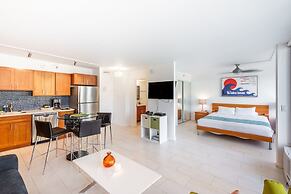 Deluxe Garden View Waikiki Banyan, Free Parking by Koko Resort Vacatio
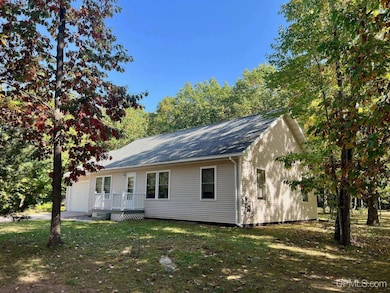 2103 Balsam Ln, Houghton, MI 49931 - photo 3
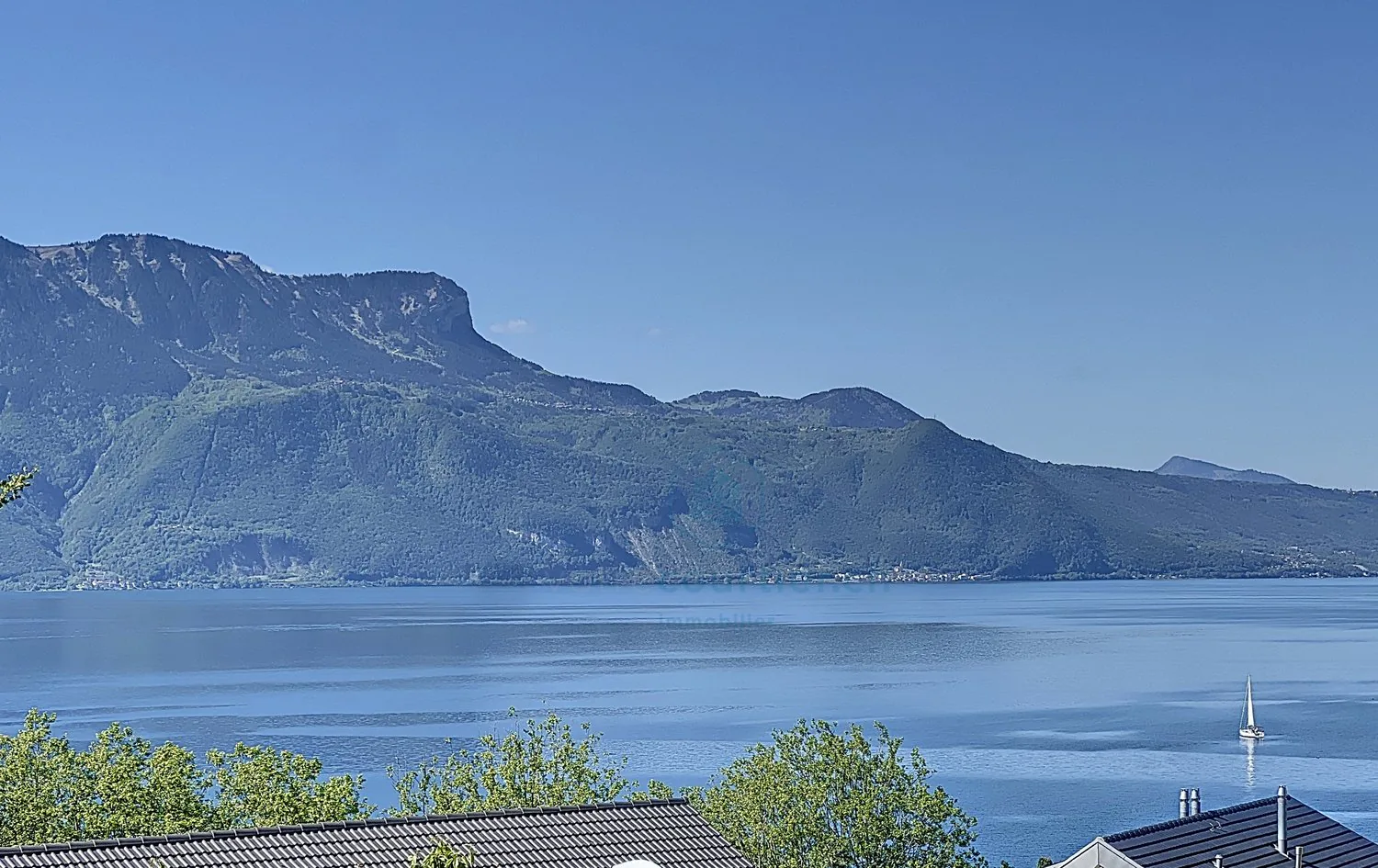 8 min. from Vevey center, 3 villas of 5.5 rooms - panoramic view - quiet neighborhood
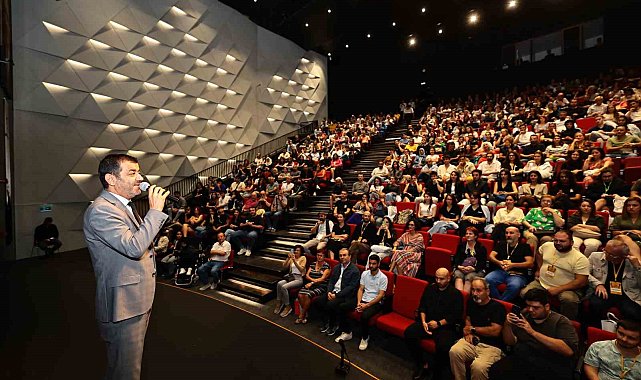 36. Uluslararası Tiyatro Festivalinde "Söz veriyorum" ile perdeler açıldı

#### Requirement:
Repeat the listing exactly, pictures excluded.

#### Task answer:
 Deluxe Garden View Waikiki Banyan, Free Parking by Koko Resort Vacatio
 2103 Balsam Ln, Houghton, MI 49931 - photo 3
 8 min. from Vevey center, 3 villas of 5.5 rooms - panoramic view - quiet neighborhood
 36. Uluslararası Tiyatro Festivalinde "Söz veriyorum" ile perdeler açıldı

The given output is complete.